● Given entries
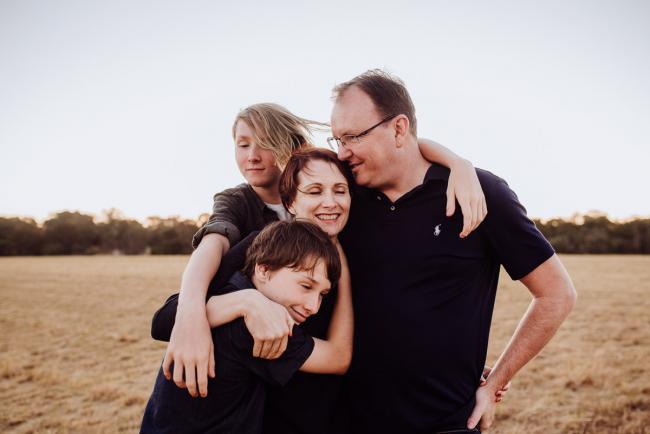 Family of 4 hugging their mother during an extended family photography session at Perry's Paddock in Perth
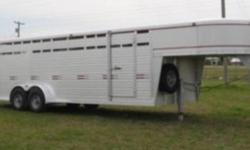 24'x6'9" Dura Line with torsion 7000 axles, 1/2 slide on center,solid gate up front, slide/swing rear door,front escape door, gate across nose,treated pine floor, (mats available),1"x3"sideribs with 14 gauge side panel,slam latches on all gates with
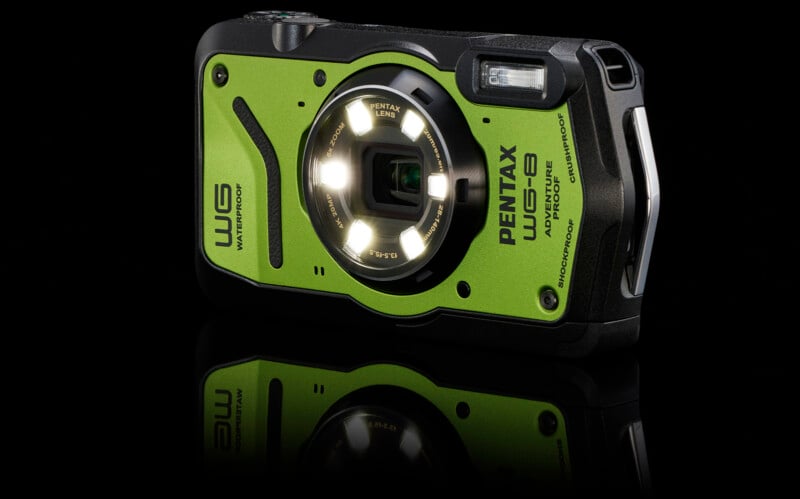 A green and black Pentax WG-6 rugged digital camera is shown against a reflective black background. The camera features a Pentax lens with a ring of LED lights around it. It is advertised as waterproof and shockproof.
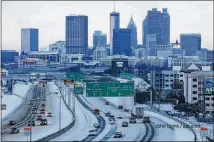  ?? SPINK / JSPINK@AJC.COM JOHN ?? Atlanta’s roads were unusually empty for a few days last week.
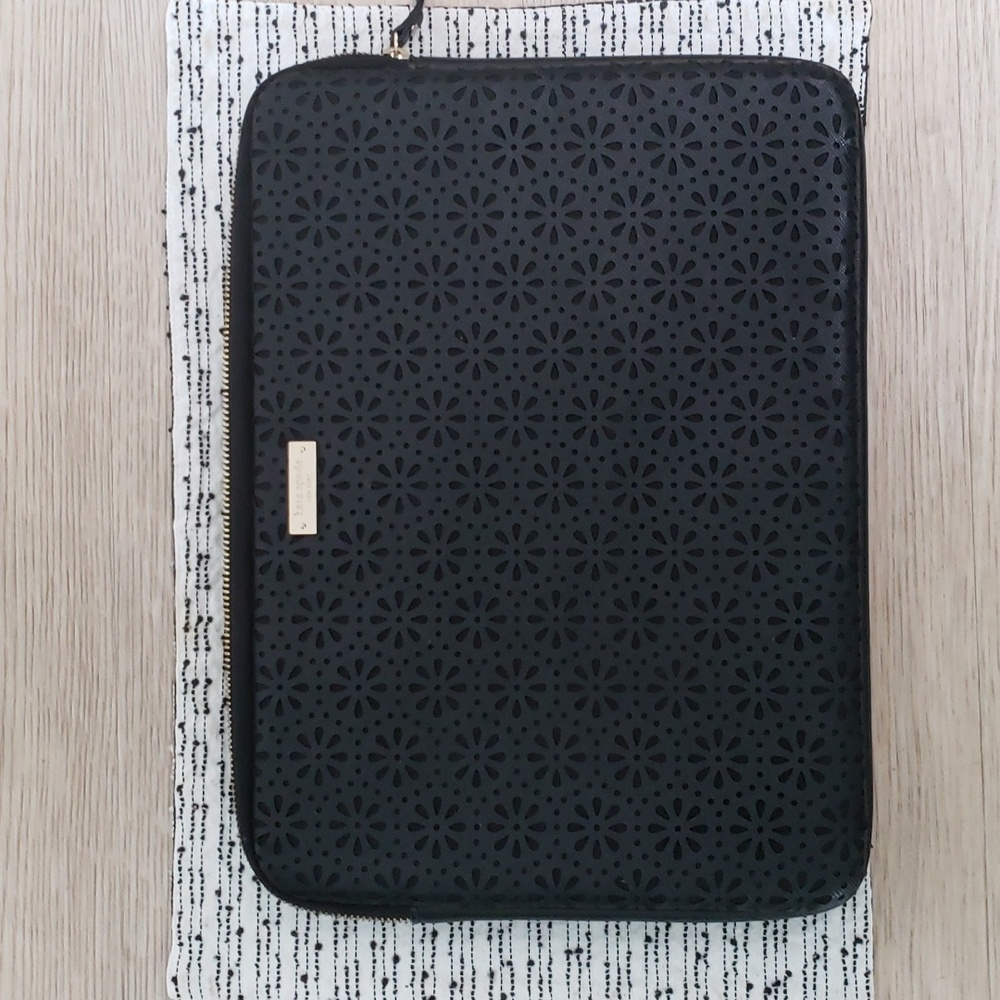 Kate Spade black padded 13" laptop sleeve.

● Work item
Could you restate exactly the lines from the line containing "A green and" through the end of the listing, both ends included and nothing else, leaving the images out?

● Answer to this exercise
 A green and black Pentax WG-6 rugged digital camera is shown against a reflective black background. The camera features a Pentax lens with a ring of LED lights around it. It is advertised as waterproof and shockproof.
  ?? SPINK / JSPINK@AJC.COM JOHN ?? Atlanta’s roads were unusually empty for a few days last week.
 Kate Spade black padded 13" laptop sleeve.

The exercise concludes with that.